Scenario: Prometheus scraping metrics outside Sourcegraph Kubernetes namespace

If you are seeing cAdvisor metrics from a namespace outside of the one Sourcegraph is currently deployed into.

  1. Uncomment our namespaced Prometheus cAdvisor configuration
  2. Apply this configuration and restart Prometheus

Note: This is unneeded if you are using the 'namespaced' overlay

Scenario: search timeouts

If your users are experiencing search timeouts or search performance issues, please perform the following steps:

  1. Try appending variations of index:only, timeout:60s and count:999999 to the search query to see if it is still slow.
  2. Access Grafana directly.
  3. Select the + icon on the left-hand side, then choose Import.
  4. Paste this JSON into the input and click Load.
  5. Once the dashboard appears, include screenshots of the entire dashboard in the issue report.
  6. Include the logs of zoekt-webserver container in the indexed-search pods. If you are using single Docker container enable debug logs first.

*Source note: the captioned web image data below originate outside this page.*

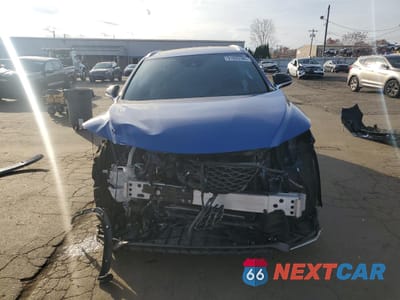 Piąte zdjęcie samochodu w środku: 2022 LEXUS RX 350 F SPORT VIN:2T2SZMDA8NC315503 - miniatura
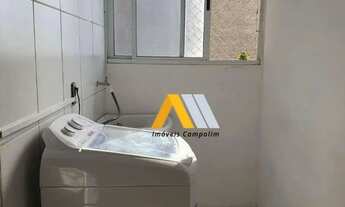 Imagem 3: Apartamento com 2 dormitórios à venda, 52 m² por R$ 270.000,00 - Varanda Ville Residencial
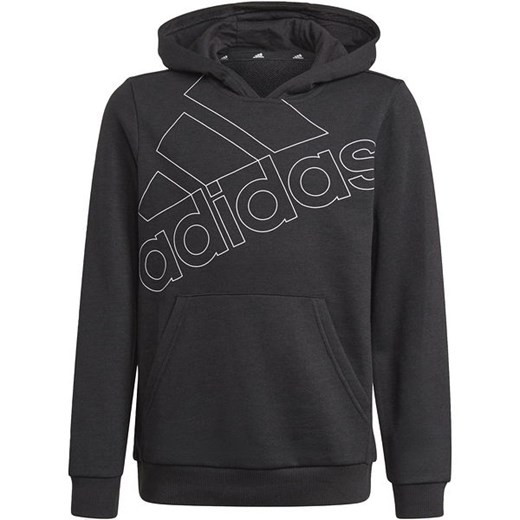 Bluza młodzieżowa Essentials Logo Hoodie Adidas 140cm wyprzedaż SPORT-SHOP.pl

Scenario: zoekt-webserver is in a CrashloopBackOff and err cannot allocate memory

Sourcegraph uses a mmap to store its indices. The default operating system limits on mmap counts may to be too low, which may result in out of memory exceptions. If you are seeing this error on large scale deployments with a lot repos to be indexed, please use the following steps to verify the source of the errors:

  1. Ensure pods are not actually running out of allocated memory and being OOMKilled by running (if they are, then you should give them more memory and the below will not help you):

     kubectl top pod indexed-search-<pod_number>
    
     kubectl describe nodes 
    
  2. On the host operating system execute sudo sysctl -n vm.max_map_count.

     $ sysctl -n vm.max_map_count
     65530
    
  3. Calculate the number of repos in your deployment divided by the number of indexed-search replicas. For example:

    • 250,000 repositories / 2 indexed-search repliacas = 125,000 repos to index per replica.
  4. If the vm.max_map_count is lower than the result of the above calculation. Adjust the vm.max_map_count by executing:

     sudo sysctl -w vm.max_map_count=262144
    
  5. Verify the change.

     $ sudo sysctl -n vm.max_map_count
     262144
    
  6. Ensure the change will persist a system reboot by updating the vm.max_map_count setting in /etc/sysctl.conf.

Scenario: zoekt-webserver is restarting due to watchdog

zoekt-webserver has a built in watchdog which ensures it can respond to search requests. If the watchdog fails, it will panic causing the process to exit with a non-zero exit code. This is like a Kubernetes health check, but works across all our deployment environments.

By default the watchdog runs every 30s. If the watchdog fails 3 consecutive times (with a 30s sleep in-between) it will trigger the panic. This is usually indicative a server which is consistently overloaded. It is recommended to increase the CPU quota assigned to it or horizontally scale to more replicas.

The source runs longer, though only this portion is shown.